Der Tübinger Theologe Peter Hünermann erklärt im StZ-Interview, ob die Heiligsprechung der beiden Päpste in Rom gerechtfertigt ist und ob den Heiligen auch Sünden erlaubt sind.

Tübingen - Manche müssen Jahrhunderte warten, bei Johannes Paul II. ging es so schnell wie kaum je zuvor: Neun Jahre nach seinem Tod wird Karol Wojtyla, der polnische Papst in den Zeiten des europäischen Umbruchs, am kommenden Sonntag in Rom heiliggesprochen. Mit ihm erfährt auch Johannes XXIII. diese Ehre, der 1962 das Zweite Vatikanische Konzil einberufen und damit die große Erneuerung der katholischen Kirche und ihre Öffnung zur Welt eingeleitet hat. Dazu befragen wir den katholischen Theologen Peter Hünermann (85) von der Universität Tübingen.
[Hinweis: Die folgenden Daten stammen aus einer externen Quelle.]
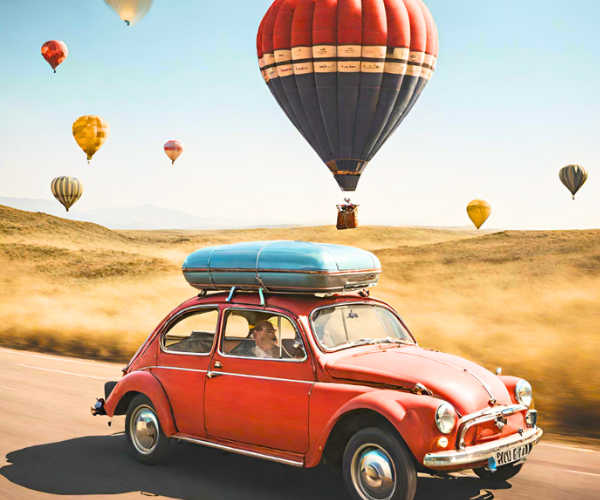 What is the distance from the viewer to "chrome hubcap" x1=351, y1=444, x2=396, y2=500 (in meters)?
5.72

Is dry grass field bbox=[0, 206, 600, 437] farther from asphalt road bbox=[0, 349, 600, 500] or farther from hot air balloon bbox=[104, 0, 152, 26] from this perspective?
hot air balloon bbox=[104, 0, 152, 26]

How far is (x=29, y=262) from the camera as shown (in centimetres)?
4181

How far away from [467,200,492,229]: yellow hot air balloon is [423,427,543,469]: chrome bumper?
55153 millimetres

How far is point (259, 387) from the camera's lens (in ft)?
22.1

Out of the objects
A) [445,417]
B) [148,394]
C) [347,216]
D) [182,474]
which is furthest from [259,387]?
[347,216]

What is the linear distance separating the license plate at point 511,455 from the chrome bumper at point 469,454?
35 millimetres

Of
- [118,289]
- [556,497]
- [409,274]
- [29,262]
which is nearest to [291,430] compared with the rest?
[556,497]

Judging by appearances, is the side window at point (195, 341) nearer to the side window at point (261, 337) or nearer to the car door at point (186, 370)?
the car door at point (186, 370)

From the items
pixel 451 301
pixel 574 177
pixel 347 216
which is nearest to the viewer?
pixel 451 301

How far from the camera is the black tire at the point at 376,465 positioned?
5605 mm

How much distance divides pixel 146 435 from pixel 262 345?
72.8 inches

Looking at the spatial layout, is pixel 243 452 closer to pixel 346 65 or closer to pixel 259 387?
pixel 259 387

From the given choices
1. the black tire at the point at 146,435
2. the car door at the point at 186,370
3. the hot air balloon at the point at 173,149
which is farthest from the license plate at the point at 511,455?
the hot air balloon at the point at 173,149

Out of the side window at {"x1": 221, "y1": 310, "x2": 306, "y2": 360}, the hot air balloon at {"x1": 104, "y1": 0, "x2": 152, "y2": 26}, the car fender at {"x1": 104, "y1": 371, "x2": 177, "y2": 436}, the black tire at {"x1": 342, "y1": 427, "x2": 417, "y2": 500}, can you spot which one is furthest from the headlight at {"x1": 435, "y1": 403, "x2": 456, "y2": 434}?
the hot air balloon at {"x1": 104, "y1": 0, "x2": 152, "y2": 26} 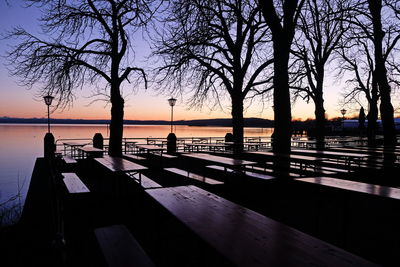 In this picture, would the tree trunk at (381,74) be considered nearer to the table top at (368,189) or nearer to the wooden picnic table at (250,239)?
the table top at (368,189)

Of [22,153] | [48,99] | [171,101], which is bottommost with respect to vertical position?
[22,153]

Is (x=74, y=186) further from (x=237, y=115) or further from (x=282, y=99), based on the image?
(x=237, y=115)

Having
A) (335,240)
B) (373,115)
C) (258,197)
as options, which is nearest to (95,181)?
(258,197)

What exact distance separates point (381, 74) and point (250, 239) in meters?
14.2

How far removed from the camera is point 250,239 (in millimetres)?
1934

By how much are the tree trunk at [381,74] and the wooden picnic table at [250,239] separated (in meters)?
13.4

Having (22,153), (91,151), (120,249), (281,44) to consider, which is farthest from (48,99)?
(22,153)

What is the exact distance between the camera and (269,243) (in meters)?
1.86

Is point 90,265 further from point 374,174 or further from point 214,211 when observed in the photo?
point 374,174

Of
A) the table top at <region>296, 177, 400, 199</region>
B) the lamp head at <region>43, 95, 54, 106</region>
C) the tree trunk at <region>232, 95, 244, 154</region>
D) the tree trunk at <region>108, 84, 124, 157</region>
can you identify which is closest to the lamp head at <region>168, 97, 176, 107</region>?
the tree trunk at <region>232, 95, 244, 154</region>

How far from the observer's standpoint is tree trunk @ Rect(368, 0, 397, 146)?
12227 mm

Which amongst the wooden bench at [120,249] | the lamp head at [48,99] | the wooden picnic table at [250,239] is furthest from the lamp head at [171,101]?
the wooden picnic table at [250,239]

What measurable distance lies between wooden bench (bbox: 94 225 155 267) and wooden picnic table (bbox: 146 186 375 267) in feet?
1.75

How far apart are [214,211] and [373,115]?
74.4 ft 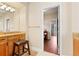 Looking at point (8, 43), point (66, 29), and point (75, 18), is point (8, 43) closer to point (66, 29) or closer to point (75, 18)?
point (66, 29)

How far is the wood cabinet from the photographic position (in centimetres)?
132

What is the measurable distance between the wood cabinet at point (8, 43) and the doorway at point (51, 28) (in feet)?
1.14

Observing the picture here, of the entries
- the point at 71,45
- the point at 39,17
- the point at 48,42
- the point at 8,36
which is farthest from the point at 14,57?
the point at 71,45

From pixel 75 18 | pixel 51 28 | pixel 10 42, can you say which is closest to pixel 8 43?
pixel 10 42

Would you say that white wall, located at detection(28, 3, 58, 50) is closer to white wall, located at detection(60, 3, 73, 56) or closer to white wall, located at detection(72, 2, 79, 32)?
white wall, located at detection(60, 3, 73, 56)

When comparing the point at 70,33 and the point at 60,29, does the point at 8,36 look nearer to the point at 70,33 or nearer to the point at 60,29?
the point at 60,29

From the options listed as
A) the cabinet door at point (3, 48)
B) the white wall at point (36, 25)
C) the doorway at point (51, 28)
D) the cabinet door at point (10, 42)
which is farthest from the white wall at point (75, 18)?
the cabinet door at point (3, 48)

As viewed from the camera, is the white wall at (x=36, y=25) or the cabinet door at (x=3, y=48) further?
the white wall at (x=36, y=25)

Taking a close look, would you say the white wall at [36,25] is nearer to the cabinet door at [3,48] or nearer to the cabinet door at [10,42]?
the cabinet door at [10,42]

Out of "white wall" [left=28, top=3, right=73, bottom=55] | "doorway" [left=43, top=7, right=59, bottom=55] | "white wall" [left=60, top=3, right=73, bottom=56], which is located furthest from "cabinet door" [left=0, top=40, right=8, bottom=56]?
"white wall" [left=60, top=3, right=73, bottom=56]

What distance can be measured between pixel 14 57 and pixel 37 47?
1.20 feet

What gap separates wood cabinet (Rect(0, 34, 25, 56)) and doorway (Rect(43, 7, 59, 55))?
0.35 metres

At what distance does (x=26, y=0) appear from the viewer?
4.06 ft

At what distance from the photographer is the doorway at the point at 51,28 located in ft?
4.74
Herr Hünermann, was ist Heiligkeit? Muss ein Mensch, um heilig zu werden oder zu sein, den ganzen Tag lang beten?
Nein, so starre Muster gibt es nicht. Aber Vorbilder sollten die Heiligen schon sein. Genauso wie die Bischöfe, die Hirten der Kirche. Das sagt schon Paulus ganz selbstverständlich im Neuen Testament: richtet euch an meinem Lebensstil aus, daran, wie ich zu Christus stehe! Menschen orientieren sich immer an Autoritäten, bei den Kindern angefangen, die sich an den Eltern orientieren. Und in ihren zweitausend Jahren hat die Kirche ganz verschiedenartige Menschen heiliggesprochen. Je nach der geschichtlichen Situation, nach dem religionspädagogischen Ansatz der Zeit, je nach dem Wirken innerkirchlicher Lobbygruppen wandelt sich der Typ von Heiligen. Auch sind immer wieder politische Einflussnahmen und Entscheidungen mit im Spiel. Oder das Drängen von einzelnen Orten oder Ländern, die alle ihren Spezialheiligen wollen. Auch Auswüchse gab es – die Herstellung und Verbreitung von Reliquien zum Beispiel. Und es muss ja einer auch nicht heiliggesprochen werden, damit er heilig ist. Bei der Heiligsprechung geht es vielmehr darum, ob dieser Mensch öffentlich verehrt werden soll.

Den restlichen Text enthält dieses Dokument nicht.